I also created a new Spotify playlist that I'm pretty proud of already: all the amazing early 2000s indie rock that is simply amazing for expending pent-up energy. Of course my most recommended method for listening and expending is biking - no surprise there. While creating the playlist, I noticed that there seems to be a resurgence in this style of music (fast, loud beats with strong lyrics that verge on yelling but not screamo), so I added some more modern examples as well as some earlier 90s grunge rock to round it out.
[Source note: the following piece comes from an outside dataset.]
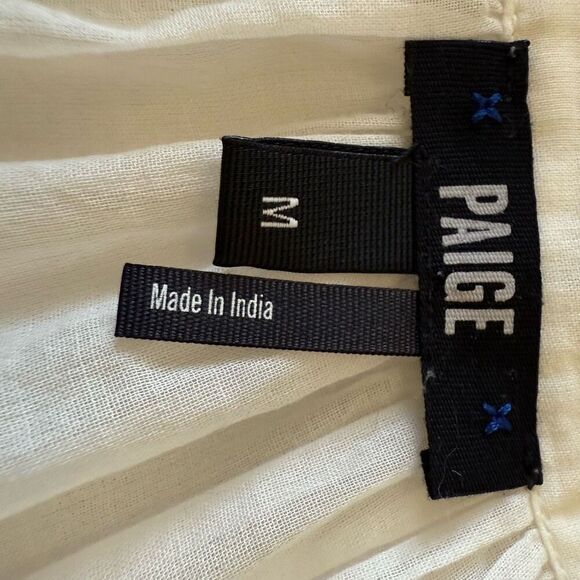 Paige Ava Semi Sheer Ivory Embroidered Blouse Sz M Boho, Cottagecore, Festival - Picture 9 of 16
And of course, it includes a healthy dose of The Hives (which is also a great choice for karaoke, in case you were wondering).

The playlist contains over 150 songs, so there's no shortage if you dig the sounds!

Last Thursday I attended a clothing swap at a co-working space in my neighbourhood called Shecosystem. I was excited to refresh my wardrobe, donate some clothing to people in need, and contribute my admission fee to charity, but I was also interested to check out Shecosystem and get a feel for their impact on the neighbourhood. The space is really cute and they host lots of cool events - I'll be visiting again soon.

On Saturday I attended my first meetup - a hike from Old Mill along the Humber River. It was nice to find an excuse to get outside but my accompanying friend and I agreed that we didn't really think there was anyone we made a connection with. I might try a couple more of the hikes provided by this meetup group, if only for a reason to explore more hiking trails in the city. The weather is so lovely this time of year! It was so lovely in fact that on Sunday, I checked out Sibbald Point beach with some friends. What a lovely beach, only an hour's drive from the city.

And last but opposite of least, I got a new bike!! I am beyond stoked on this and eternally grateful to my father for making this happen for me. Good ol' Bumblebee (my black and yellow early 90s Raleigh Portage) took a spill on that really windy day a couple weeks ago, and has since ridden really strangely and slowly - well, it's because I bent the wheel.

Oh hey - I took the above photo almost exactly a year ago!

With that and the brakes issue and gosh knows what else going wrong with it, we realized that one of the bikes my dad has been collecting from estate and garage sales is actually in perfectly rideable condition. It's super light, has amazing gears and road tires (so I can go much faster), and after riding it around today, I can tell you it rides over streetcar tracks and potholes like a dream. It's actually a Specialized Roadhopper (according to the crossbar), and runs from midnight indigo to plum purple ombré. Check out my aubergine beauty below:

My dad suggested I offer to trade Bumblebee to my local bike shop in exchange for a tune-up on yet-to-be-named [Midnight Plum]. If the bike isn't even worth a tune, I may end up donating it to Bike Pirates (a Queen West bike shop who will use it as a classroom tool to teach people how to fix their own bikes - maybe myself included). 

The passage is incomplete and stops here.